Как человеческие жизни, не к месту подумал Гилберт, мы так же горим, ярко, быстро, чтобы погаснуть и обратиться в прах… Человеческая жизнь — лишь миг в истории. Одна неуместная мысль потянула за собой другую — о мириадах жизней-искорок, что ярко вспыхивали и преждевременно гасли сейчас в Европе. Гилберт почувствовал, как мрачное настроение брата передается и ему, погружая в черную меланхолию.

— Я рад, что тебе удалось получить небольшой отпуск, — произнес он, просто чтобы сломать лед молчания. — Расскажи мне, как обстоят дела на фронте?

— По-разному… — откликнулся Джеймс, он по-прежнему избегал встречи взглядами, старательно всматриваясь в текучий танец языков огня. — По-разному, — повторил он чуть тише.

— Расскажи, — почти попросил Гилберт.

— Ты не получаешь сводки? — полюбопытствовал Джеймс. В его словах чуткое ухо старшего Ванситтарта услышало горечь.

— Я политик и экономист, а не военный, сухие числа говорят мне меньше чем хотелось бы, — искусно солгал старший брат. — Я хочу услышать новости от того, кто участвует в этой войне с самого начала, на передовой линии.

Джеймс помолчал, покручивая в длинных холеных пальцах почти пустой бокал, решительно, резким жестом поставил его на столик, едва не разбив. Младший повернулся к старшему, и, встретив наконец прямой взгляд брата, Гилберт ужаснулся.

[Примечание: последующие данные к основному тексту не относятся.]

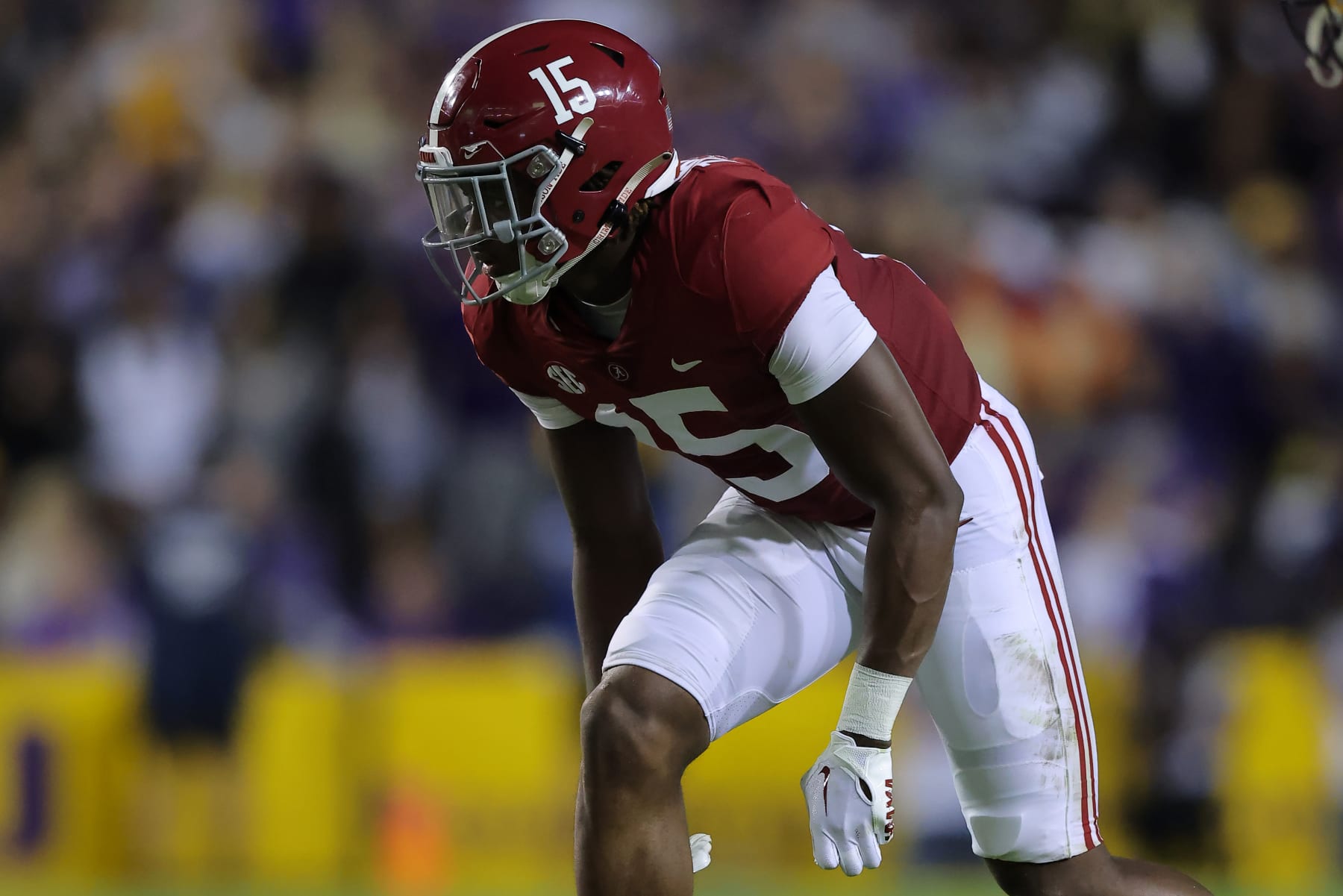 BATON ROUGE, LOUISIANA - NOVEMBER 05: Dallas Turner #15 of the Alabama Crimson Tide in action against the LSU Tigers during a game at Tiger Stadium on November 05, 2022 in Baton Rouge, Louisiana. (Photo by Jonathan Bachman/Getty Images)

Джеймс всегда был «человеком-огнем» — порывистым, импульсивным, взбалмошным. Но в то же время добродушным, склонным верить в людей и лучшие стороны их натуры. Он и в армию пошел резко, на эмоциональном подъеме, после неудачного романа и разорванной помолвки.

Теперь же Гилберт смотрел в глаза не двадцатипятилетнего офицера, а очень старого человека, еще не сломленного ударами судьбы, но уже согбенного грузом воспоминаний и решений.

— Гил, — это безумие… — начал Джеймс, неуверенно, словно спотыкаясь на каждом слове. — Это настоящее безумие. То, что сейчас творится в Германии…

— А то я не знаю, дружище, — с неожиданной для себя самого тоскливой прямотой ответил Гилберт.

— Но… как… — только и сумел вымолвить младший.

— Помнишь, отец пичкал нас словом божьим? — спросил старший и, не дожидаясь ответа, процитировал. — «В тот день поразит Господь мечом своим тяжелым, и большим и крепким, левиафана, змея прямобегущего, и левиафана, змея изгибающегося, и убьет чудовище из моря».

— Исайя, глава двадцать седьмая, — механически вспомнил Джеймс. — Стихи… Не помню.

— Первый и второй, — подсказал Гилберт. — Чудовище вышло из моря и творит вещи удивительные и богопротивные. У тебя есть вопросы. Я понимаю. Но сначала расскажи, что на континенте. Мне действительно любопытно узнать, что там происходит от непосредственного очевидца.

— Любопытно! — вспылил младший, даже привстав от возмущения, и в этом приступе гнева старший брат на мгновение увидел прежнего «порохового» Джимми. — Там преисподняя, там ад! Там убивают детей! А тебе просто «любопытно»!?